Living with a Peruvian host family is a bit like The Beverly Hillbillies in reverse. So I guess that would make it like Green Acres, wouldn’t it? (The above for those of you old enough to remember those two series.) The food situation is a complete mystery. For instance yesterday for breakfast we each had a fairly large plateful of chunks of pork, rice and raw onions. Today for breakfast we each had one cup of canned milk blended with strawberries and two pieces of bread. Most of the lunches consist of half a plate of white rice and something else. Maybe a couple of ounces of chicken or fish. Maybe some lentils or some cucumbers or tomatos in lime juice. The suppers generally arrive late, eight o’clock or so, and don’t consist of much. Last night we each had a bowl of soup. Milton, the 13-year-old, brought me a spoon from the kitchen and before he handed it to me dried it with his shirt-tail.

But I haven’t gotten sick yet. So it would seem that hygeine in the U.S. is ’way overrated.

The aforementioned is not intended to trash any aspect of my living situation, neither my life in the community nor my life with Margot, César, Milton, Pamela and Nicole. The only things that frustrate me are things that seem possible to change given a modest amount of effort. And according to the Peace Corps that’s what I’m here for—to encourage the modest amount of effort that change requires.

Of course as much of the change has to come from me as from Callanca.
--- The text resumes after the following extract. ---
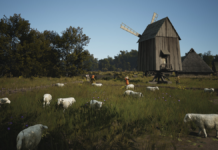 A peaceful and pastoral field with several sheep gathered, as featured in Manor Lords.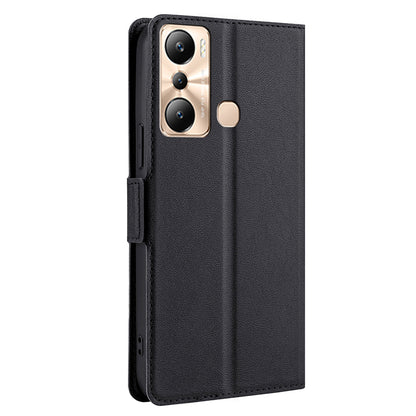 Card Slot Phone Case for Infinix Hot 20i 4G Shockproof PU Leather Flip Stand Protective Cover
I would be the first to admit that to the Campos Figueroa I must surely seem eccentric if not insane. I prefer to drink beer from my own personal bottle. And most often I prefer to drink but one beer. I prefer fruit and vegetables to huge heaps of white rice. I eat with a fork and not a tablespoon. I like to spend maybe an hour a day alone. (Please.) When free food is available, like at a wedding or a birthday celebration, I don’t eat five platefuls and also squirrel away a sixth to take home with me to eat tomorrow for breakfast. I like to shower with warm water. I have developed the spendthrift habit of flushing every time I use the toilet. (I’m getting over that one.) I shave my head. I have a beard. I wear a cap. I floss my teeth. I use shaving cream. And deodorant. I drink water and tea with my meals instead of eating my meal and then drinking water or tea afterward. I drink whatever I please with my meal, be it hot or be it cold, whereas everyone knows that some foods are hot foods and that some foods are cold foods (regardless of their temperature or spiciness—it’s like ying and yang) and that you don’t drink hot drinks after you eat hot foods nor cold drinks after you eat cold foods or you will get very, very sick.

Clearly I have a lot to learn. Fortunately, I have two years to get it done.